→ Task: Reproduce the listing verbatim.

→ Stored data:
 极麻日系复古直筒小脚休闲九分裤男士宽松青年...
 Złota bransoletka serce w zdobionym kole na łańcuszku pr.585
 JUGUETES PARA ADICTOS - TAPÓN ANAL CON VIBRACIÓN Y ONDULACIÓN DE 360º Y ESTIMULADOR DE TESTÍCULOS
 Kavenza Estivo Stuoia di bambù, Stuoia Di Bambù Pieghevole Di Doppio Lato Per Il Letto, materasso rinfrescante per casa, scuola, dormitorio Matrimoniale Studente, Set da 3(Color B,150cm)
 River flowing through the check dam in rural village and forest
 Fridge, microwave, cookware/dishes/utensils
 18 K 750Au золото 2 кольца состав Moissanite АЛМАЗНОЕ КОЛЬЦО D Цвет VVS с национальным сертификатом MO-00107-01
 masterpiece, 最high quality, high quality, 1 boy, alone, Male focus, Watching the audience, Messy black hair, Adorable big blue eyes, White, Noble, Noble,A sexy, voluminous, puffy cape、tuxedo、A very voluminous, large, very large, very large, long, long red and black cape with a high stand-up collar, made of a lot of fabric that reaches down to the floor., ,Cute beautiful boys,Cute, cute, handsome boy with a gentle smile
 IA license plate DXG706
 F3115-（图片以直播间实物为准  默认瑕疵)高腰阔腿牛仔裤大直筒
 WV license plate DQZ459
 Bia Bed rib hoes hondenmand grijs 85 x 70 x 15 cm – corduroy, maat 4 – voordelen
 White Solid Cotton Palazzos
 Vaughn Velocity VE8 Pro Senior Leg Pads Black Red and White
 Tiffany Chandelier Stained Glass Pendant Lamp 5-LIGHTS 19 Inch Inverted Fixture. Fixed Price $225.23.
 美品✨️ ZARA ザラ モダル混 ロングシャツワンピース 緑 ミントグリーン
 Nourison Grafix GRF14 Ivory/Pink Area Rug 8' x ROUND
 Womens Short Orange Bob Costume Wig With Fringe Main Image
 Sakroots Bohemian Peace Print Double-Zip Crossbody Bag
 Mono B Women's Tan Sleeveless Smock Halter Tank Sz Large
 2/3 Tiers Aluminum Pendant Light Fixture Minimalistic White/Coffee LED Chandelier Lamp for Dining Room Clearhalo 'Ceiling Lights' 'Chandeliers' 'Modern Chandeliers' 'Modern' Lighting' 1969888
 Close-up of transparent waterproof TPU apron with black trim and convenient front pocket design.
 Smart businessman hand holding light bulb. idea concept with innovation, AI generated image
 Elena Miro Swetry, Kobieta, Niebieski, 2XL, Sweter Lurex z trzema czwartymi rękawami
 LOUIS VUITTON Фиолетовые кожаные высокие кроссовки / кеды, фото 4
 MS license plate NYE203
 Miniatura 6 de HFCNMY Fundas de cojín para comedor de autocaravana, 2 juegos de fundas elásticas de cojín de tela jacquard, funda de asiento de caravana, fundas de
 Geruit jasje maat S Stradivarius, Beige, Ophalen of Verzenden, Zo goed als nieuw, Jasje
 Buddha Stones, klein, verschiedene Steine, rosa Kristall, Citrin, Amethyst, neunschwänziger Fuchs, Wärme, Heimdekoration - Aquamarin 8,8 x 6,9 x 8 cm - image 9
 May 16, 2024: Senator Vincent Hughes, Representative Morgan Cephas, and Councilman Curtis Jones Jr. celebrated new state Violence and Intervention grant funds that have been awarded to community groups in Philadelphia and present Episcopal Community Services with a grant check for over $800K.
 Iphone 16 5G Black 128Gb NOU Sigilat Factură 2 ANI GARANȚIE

→ Your response:
 极麻日系复古直筒小脚休闲九分裤男士宽松青年...
 Złota bransoletka serce w zdobionym kole na łańcuszku pr.585
 JUGUETES PARA ADICTOS - TAPÓN ANAL CON VIBRACIÓN Y ONDULACIÓN DE 360º Y ESTIMULADOR DE TESTÍCULOS
 Kavenza Estivo Stuoia di bambù, Stuoia Di Bambù Pieghevole Di Doppio Lato Per Il Letto, materasso rinfrescante per casa, scuola, dormitorio Matrimoniale Studente, Set da 3(Color B,150cm)
 River flowing through the check dam in rural village and forest
 Fridge, microwave, cookware/dishes/utensils
 18 K 750Au золото 2 кольца состав Moissanite АЛМАЗНОЕ КОЛЬЦО D Цвет VVS с национальным сертификатом MO-00107-01
 masterpiece, 最high quality, high quality, 1 boy, alone, Male focus, Watching the audience, Messy black hair, Adorable big blue eyes, White, Noble, Noble,A sexy, voluminous, puffy cape、tuxedo、A very voluminous, large, very large, very large, long, long red and black cape with a high stand-up collar, made of a lot of fabric that reaches down to the floor., ,Cute beautiful boys,Cute, cute, handsome boy with a gentle smile
 IA license plate DXG706
 F3115-（图片以直播间实物为准  默认瑕疵)高腰阔腿牛仔裤大直筒
 WV license plate DQZ459
 Bia Bed rib hoes hondenmand grijs 85 x 70 x 15 cm – corduroy, maat 4 – voordelen
 White Solid Cotton Palazzos
 Vaughn Velocity VE8 Pro Senior Leg Pads Black Red and White
 Tiffany Chandelier Stained Glass Pendant Lamp 5-LIGHTS 19 Inch Inverted Fixture. Fixed Price $225.23.
 美品✨️ ZARA ザラ モダル混 ロングシャツワンピース 緑 ミントグリーン
 Nourison Grafix GRF14 Ivory/Pink Area Rug 8' x ROUND
 Womens Short Orange Bob Costume Wig With Fringe Main Image
 Sakroots Bohemian Peace Print Double-Zip Crossbody Bag
 Mono B Women's Tan Sleeveless Smock Halter Tank Sz Large
 2/3 Tiers Aluminum Pendant Light Fixture Minimalistic White/Coffee LED Chandelier Lamp for Dining Room Clearhalo 'Ceiling Lights' 'Chandeliers' 'Modern Chandeliers' 'Modern' Lighting' 1969888
 Close-up of transparent waterproof TPU apron with black trim and convenient front pocket design.
 Smart businessman hand holding light bulb. idea concept with innovation, AI generated image
 Elena Miro Swetry, Kobieta, Niebieski, 2XL, Sweter Lurex z trzema czwartymi rękawami
 LOUIS VUITTON Фиолетовые кожаные высокие кроссовки / кеды, фото 4
 MS license plate NYE203
 Miniatura 6 de HFCNMY Fundas de cojín para comedor de autocaravana, 2 juegos de fundas elásticas de cojín de tela jacquard, funda de asiento de caravana, fundas de
 Geruit jasje maat S Stradivarius, Beige, Ophalen of Verzenden, Zo goed als nieuw, Jasje
 Buddha Stones, klein, verschiedene Steine, rosa Kristall, Citrin, Amethyst, neunschwänziger Fuchs, Wärme, Heimdekoration - Aquamarin 8,8 x 6,9 x 8 cm - image 9
 May 16, 2024: Senator Vincent Hughes, Representative Morgan Cephas, and Councilman Curtis Jones Jr. celebrated new state Violence and Intervention grant funds that have been awarded to community groups in Philadelphia and present Episcopal Community Services with a grant check for over $800K.
 Iphone 16 5G Black 128Gb NOU Sigilat Factură 2 ANI GARANȚIE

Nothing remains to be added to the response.